— DATA IN THIS EXERCISE —
================================

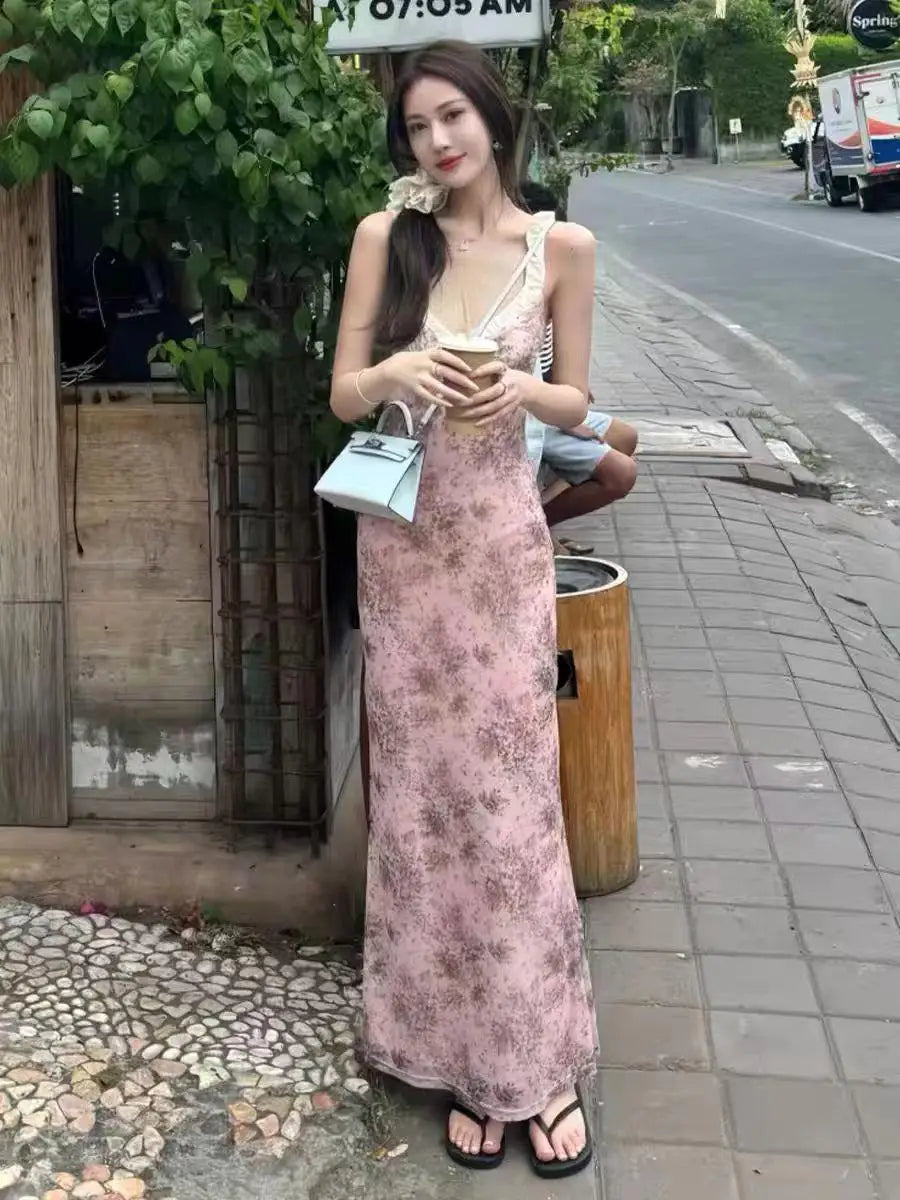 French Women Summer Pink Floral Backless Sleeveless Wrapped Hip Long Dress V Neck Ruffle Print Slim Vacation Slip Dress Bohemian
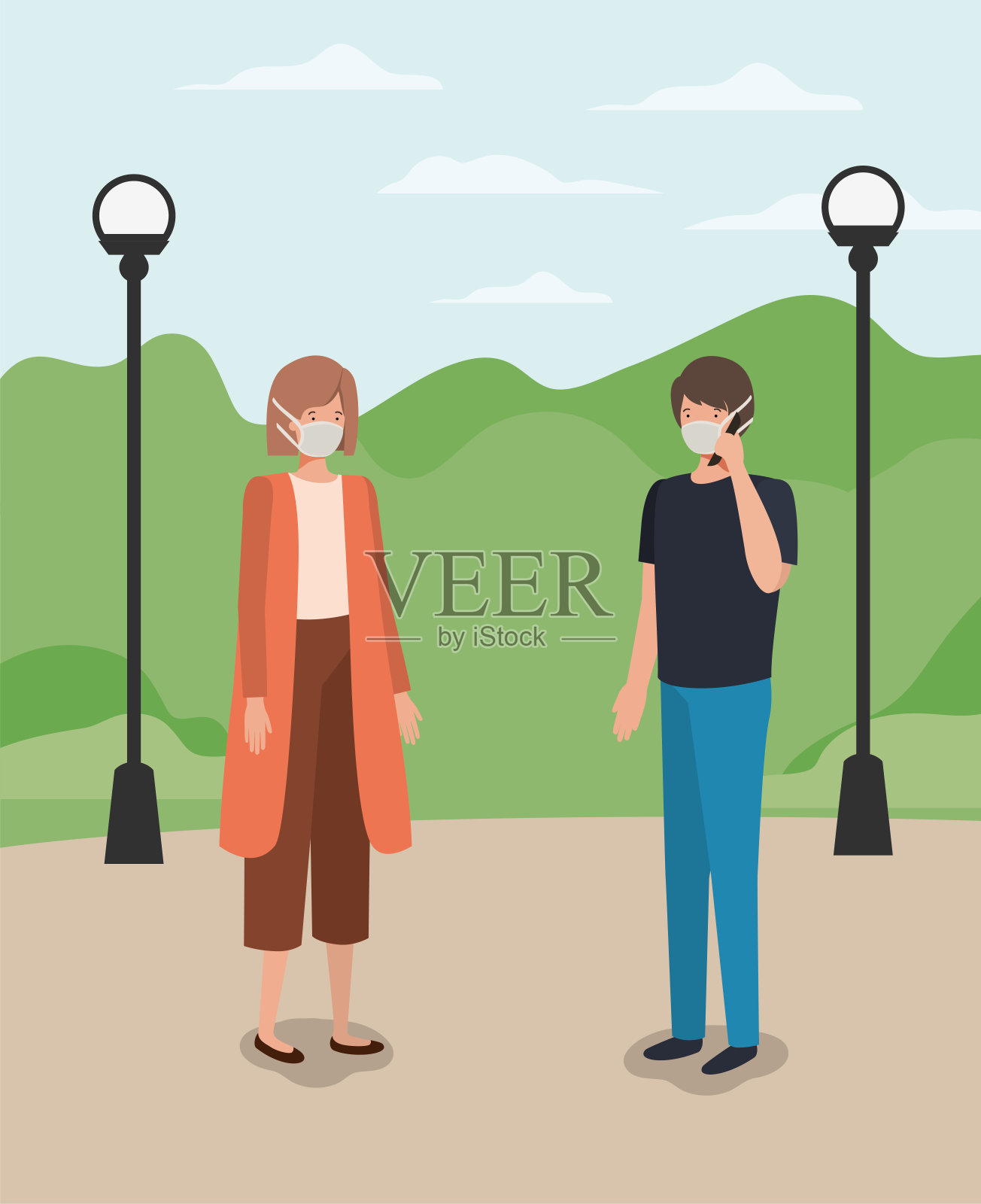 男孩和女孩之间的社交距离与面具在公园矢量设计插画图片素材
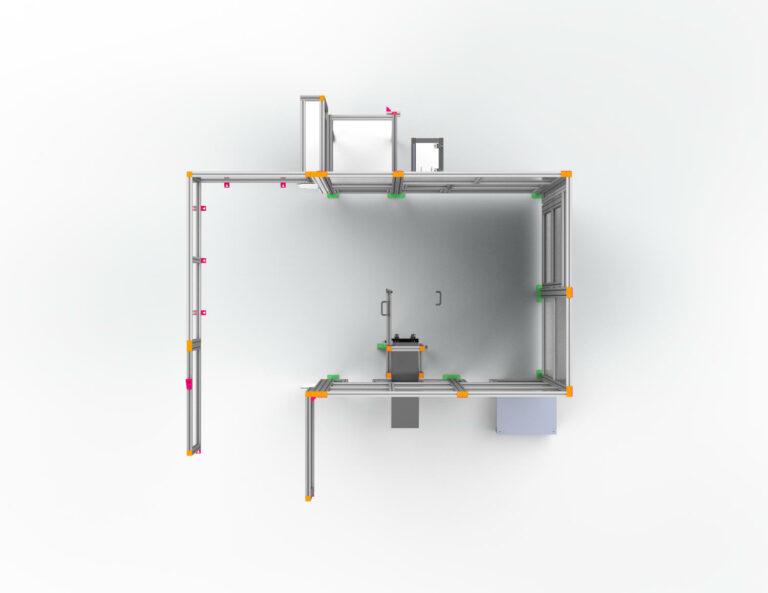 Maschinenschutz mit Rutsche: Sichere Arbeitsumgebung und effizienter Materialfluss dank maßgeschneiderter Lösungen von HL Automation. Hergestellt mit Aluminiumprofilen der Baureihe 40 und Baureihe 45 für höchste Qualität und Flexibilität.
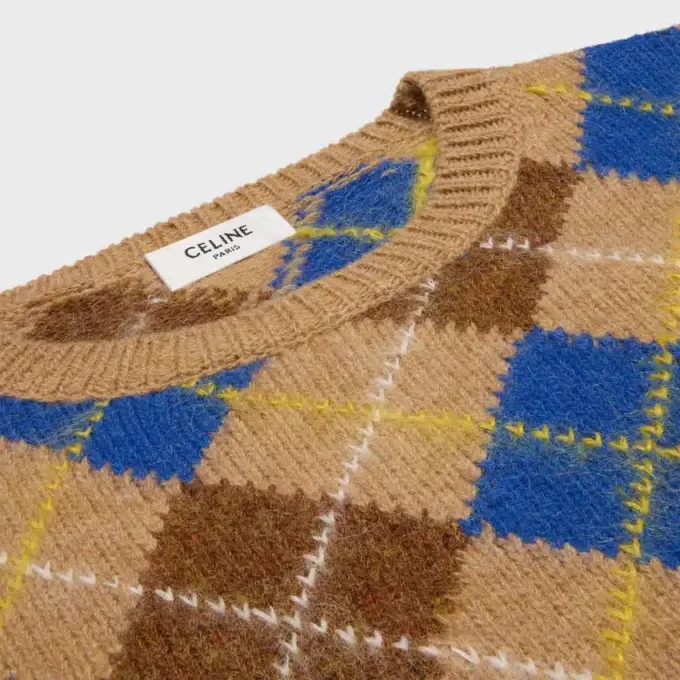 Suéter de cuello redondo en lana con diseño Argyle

================================

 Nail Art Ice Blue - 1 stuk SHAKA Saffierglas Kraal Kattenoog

================================

Transcribe exactly the lines above, beginning at the one with "French Women Summer" and going up to and including the one with "Suéter de cuello". Pictures do not belong in the copy.

 French Women Summer Pink Floral Backless Sleeveless Wrapped Hip Long Dress V Neck Ruffle Print Slim Vacation Slip Dress Bohemian
 男孩和女孩之间的社交距离与面具在公园矢量设计插画图片素材
 Maschinenschutz mit Rutsche: Sichere Arbeitsumgebung und effizienter Materialfluss dank maßgeschneiderter Lösungen von HL Automation. Hergestellt mit Aluminiumprofilen der Baureihe 40 und Baureihe 45 für höchste Qualität und Flexibilität.
 Suéter de cuello redondo en lana con diseño Argyle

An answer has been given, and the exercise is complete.